Cuban Agents Say Spy Mission was Worth Time Spent in U.S. Jail
Two Cuban spies who recently completed prison terms in the United States told state-run television that their mission monitoring anti-Castro groups there had been worth their lengthy incarceration.
"I don't view it as a sacrifice, I look at it as something that I simply had to do," Fernando Gonzalez, who was released in February after 15 years in U.S. prison, said in a broadcast that aired late Saturday.
Gonzalez was one of the "Cuban Five" group of agents detained and prosecuted by U.S. authorities for infiltrating Florida's Key West Naval Air Station and Cuban exile groups in Miami.
He is one of two agents to have been released since being arrested in 1998 and convicted of espionage in 2001. A second Cuban agent, Rene Gonzalez -- no relation to Fernando -- was freed in 2011.

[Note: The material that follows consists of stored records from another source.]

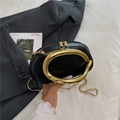 Black semi-circular leather handbag with gold oval metal handle and snake chain strap - Black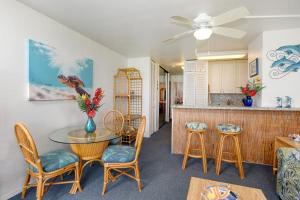 a living room with a table and chairs and a kitchen at Maalaea Banyans 113 in Maalaea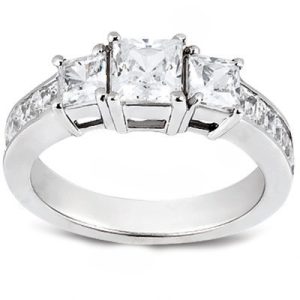 A three-stone engagement ring with a shiny silver band and clear, sparkling gemstones.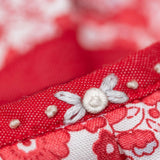 bullion rose hand embroidery on a coral piping edge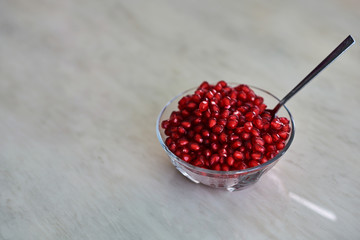 Pomegranate seeds in bowl.
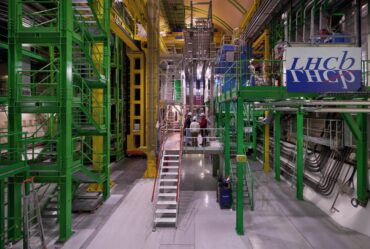 Image of the The LHCb experiment, a large assemblage of metal scaffolding and pipes in bright colors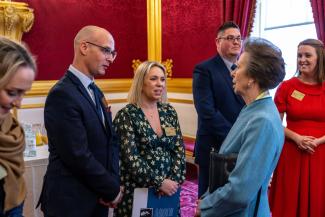 Prison Officer receiving award from Princess Anne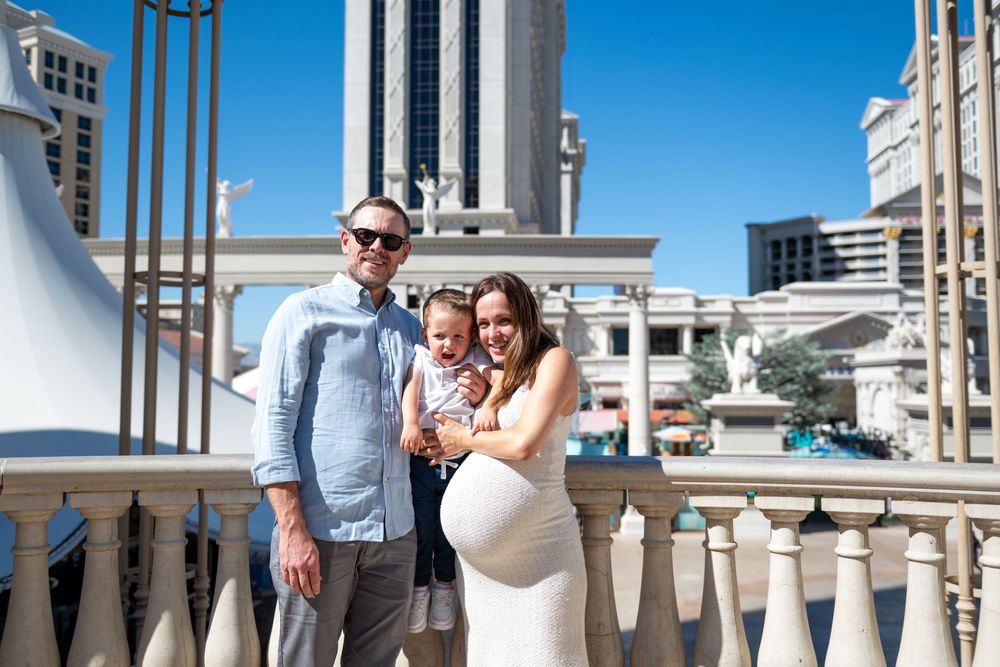 Smiling couple with a toddler posing on a stone balustrade, the pregnant woman cradling her baby bump, with Las Vegas buildings behind.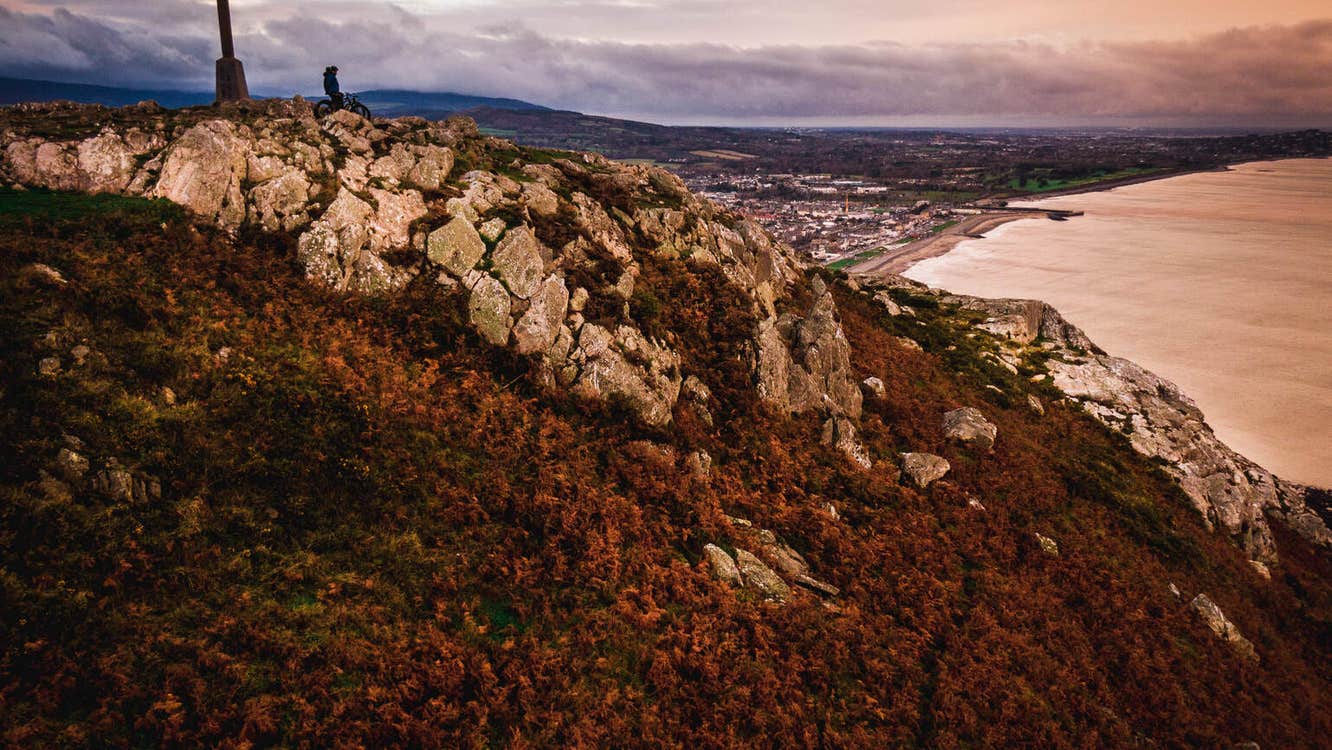 Cross on a hill looking out to sea with Bray in the background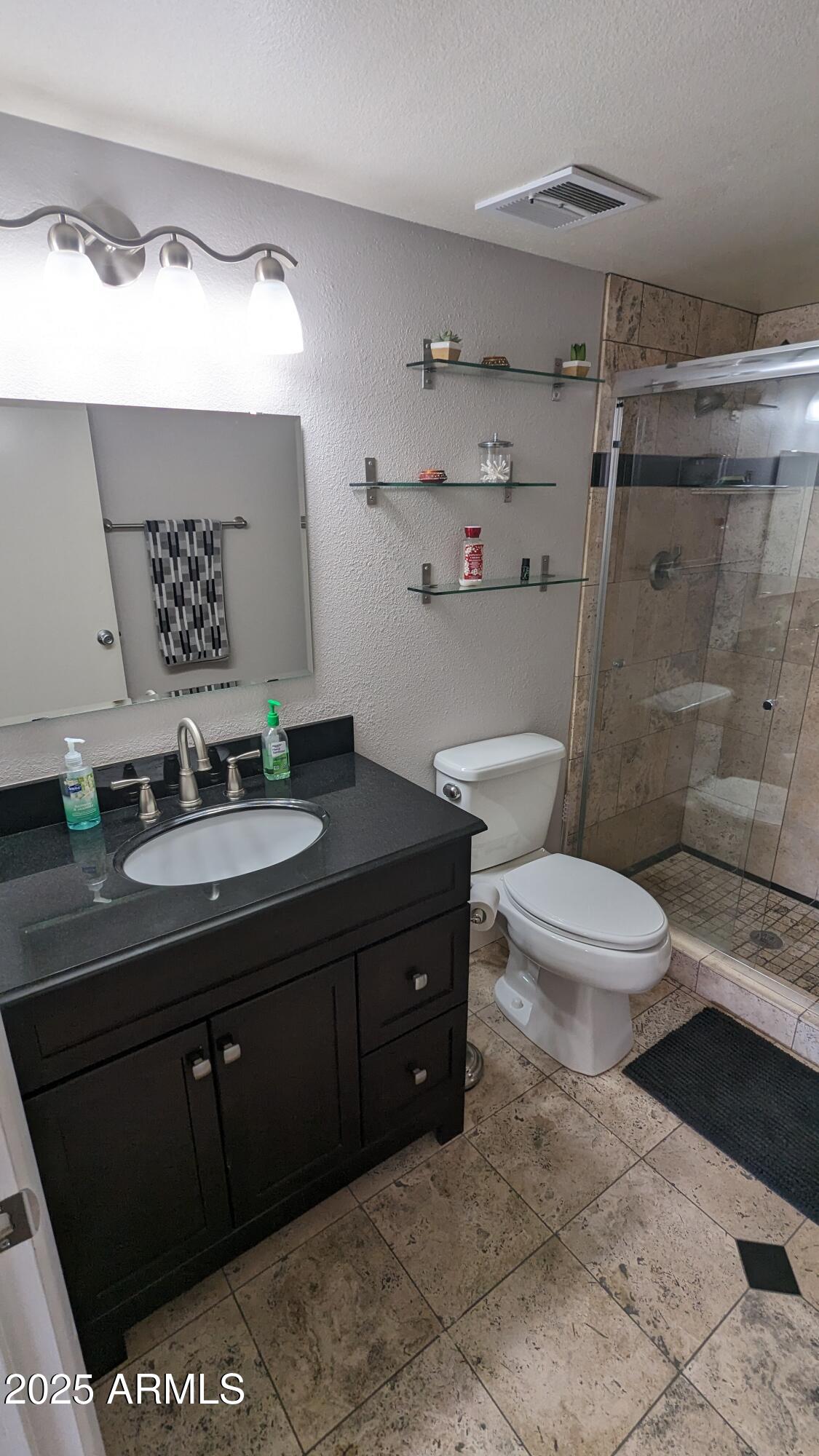 7910 East Camelback Road, Unit 302 Scottsdale, AZ 85251 - Photo 10 of 26 a bathroom with a sink a toilet and shower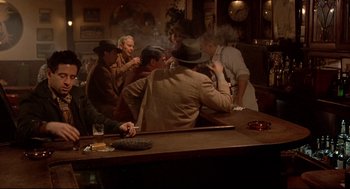 Movie still from “Radio Days” (1987), directed by Woody Allen – A group of men sitting at a bar smoking cigarettes; Wide shot, High angle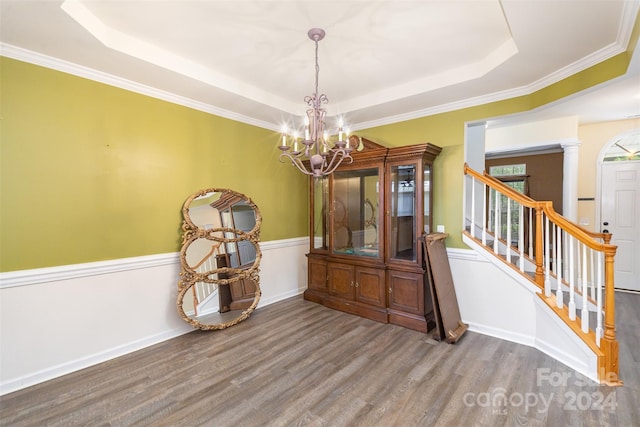 dining area with ornate columns, an inviting chandelier, wood-type flooring, a tray ceiling, and ornamental molding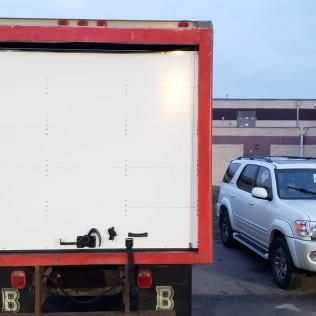 Rear of a white box truck with a red frame, parked beside a silver SUV in a lot.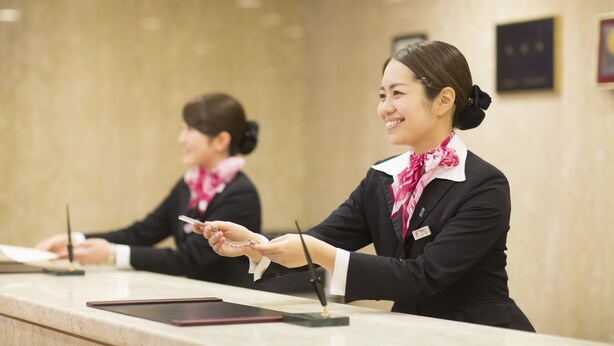 A reception desk with two staff members. - Meitetsu Toyota Hotel (Toyota)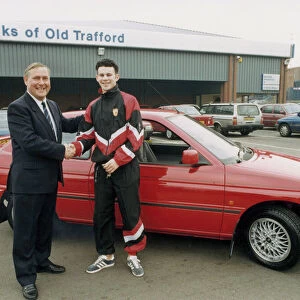 Manchester United footballer Ryan Giggs accepts the keys to his new car from Jim Quick
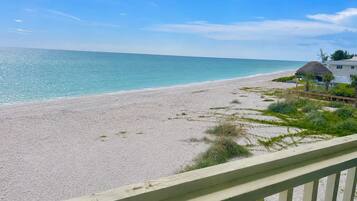 On the beach, sun loungers, beach towels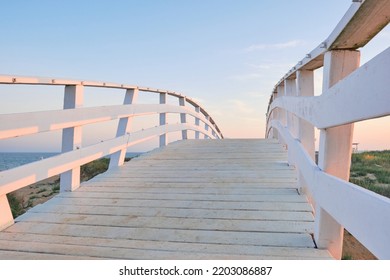 White Wooden Bridge On The Beach At Sunset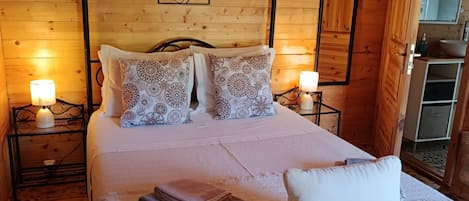 Un dormitorio de cabaña de madera con una cama, dos mesitas de noche con lámparas, una silla de estructura metálica y un armario de madera.
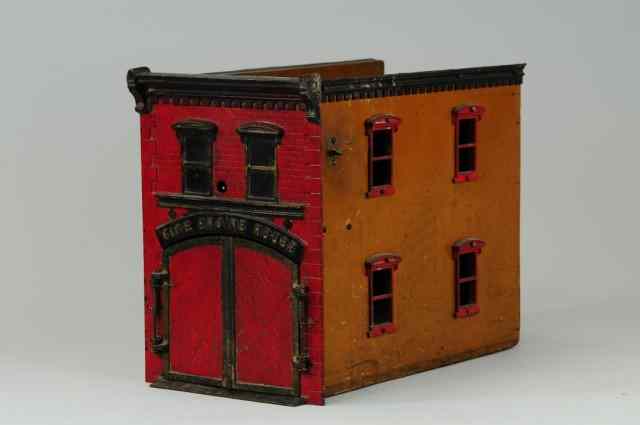 Appraisal: CLOCKWORK FIRE ENGINE HOUSE Ives c well scaled with exceptional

"I took the risk, knowing there was a possibility of sacrifice" of freedom, Rene Gonzalez told Cuban television.
"I understood what I was doing, and I believe that it was worth it," he said.
"I believe -- more than ever, after getting to know the enemy -- that I understand what (the United States) is capable of doing to us if they come here and conquer Cuba," he said.
The three other Cuban Five group members remain incarcerated, amid calls from some quarters that Washington release them on humanitarian grounds.
Gerardo Hernandez is serving two life sentences because he was convicted of conspiracy to commit murder for passing information to the Cuban government that allegedly led to a 1996 attack on two aircraft belonging to an exile group, Brothers to the Rescue.
Fellow agents Ramon Labanino and Antonio Guerrero meanwhile are serving sentences of 30 years and almost 22 years, respectively.
Winning the agents' freedom has become a top issue for Cuba.
Havana acknowledges that the five men were agents, but says they were spying on "terrorist" exiles and hails them as national heroes.